Big Ideas, Murky Presentation

Big Ideas, Murky Presentation

A proposal by Sabatu Dennis.
Courtesy Bridgehouse Museum

McCormick Bridgehouse and Chicago River Museum
376 North Michigan Avenue
Through August 31

Waterline, an exhibition of proposals for redeveloping one segment of the Chicago River, is chock-full of interesting ideas. But unless you’re well versed in deciphering the kinds of materials architecture students prepare for their studio projects, you might have some difficulty discovering them.

The show is a product of an innovative program at the Harvard Graduate School of Design (GSD) that encourages its students to look for challenges well outside the confines of its storied Yard. As Skidmore, Owings & Merrill Urban Design partner Philip Enquist explains, GSD invites architects throughout the world to come to Cambridge and pitch their ideas for an on-site, concentrated design studio experience. He brought the concept for a re-imagining of the river’s south branch, and twelve students—a mix of architects, landscape architects, and urban planners—signed up.

Enquist says the students spent four days in Chicago for site visits and meetings, and each presented an solution that addressed a problem in one or more of three areas: the river’s economy, its ecology, and its culture.

Unfortunately, it’s hard to judge most of them based on what they’ve presented on the single banner they’ve been offered to display at the museum. Architects don’t always recognize that most of the world doesn’t think as visually as they do, so when they’re presenting projects to the general public, they often fail to offer any supplemental explanation of what they’re proposing, and the results can be frustrating.
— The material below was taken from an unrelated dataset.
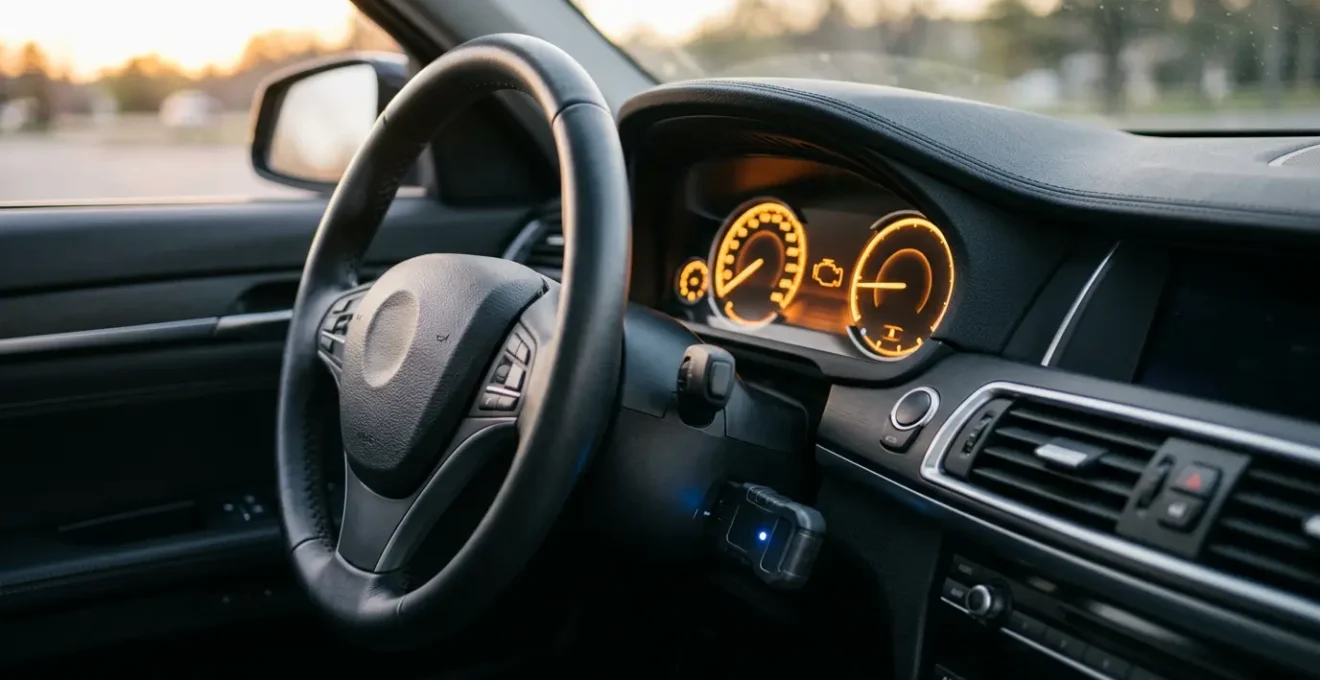 Tableau de bord moderne d'automobile avec voyant moteur allumé et boîtier de diagnostic OBD2 connecté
A proposal by Adriana Chavez.

Which is not to say there isn’t a lot worthwhile in the show. Even the projects that seem totally underdeveloped offer hints of something challenging and provocative. Roger Weber’s City of Rhetoric proposes a zoning-based scheme to promote residential and commercial growth through development of “non-spatial conceptual goals for the riverfront.” It’s unclear, however, what that means.
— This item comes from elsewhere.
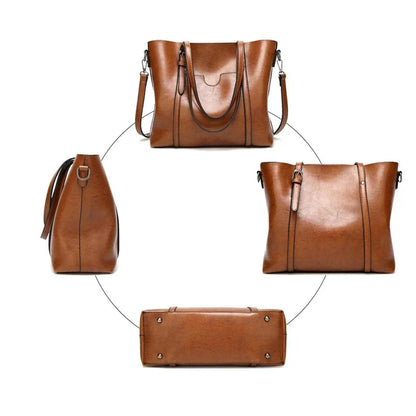 Genuine Leather Handbag - Glamour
Some of the projects are much more specifically explained, although their boards leave a lot of questions unanswered. William Dibernardo’s proposal for fish farms that simultaneously provide economic development and address a potential ecological nightmare—the Asian carp invasion—is intriguing, but how will it work? Nina Chase’s concept for development of a Slip District that will create an industry based around water is similarly thought provoking, but overall environmental conditions along the river’s south branch seem to make both projects impractical.

The best of the projects are ingenious, easy to grasp, and actually conceivable. Stephanie Saltzman’s proposal for Wolf Point, including a new bridge across the river and a rapid transit bus line, imagines a completely novel transportation artery that really follows the river’s flow. The most ambitious presentation is Aleksandr Nizhikovskiy’s plan to use the now-vacant U.S. Post Office spanning the Congress Expressway as an academic/ research link between the river and the University of Illlinois–Chicago campus and includes a park property built above the city’s famed Circle interchange. While audacious, it doesn’t seem outside the realm of possibility if executed, and in focusing on the intersection of Congress and Halsted streets, it symbolically carries out one of the prime unrealized aspects of the famed Chicago Plan of 1909.

All of the projects could benefit from a more detailed presentation of the students’ proposals. Enquist says the projects will be repackaged for an exhibition later this year at Chicago Architecture Foundation. Let’s hope they have the opportunity to do so then.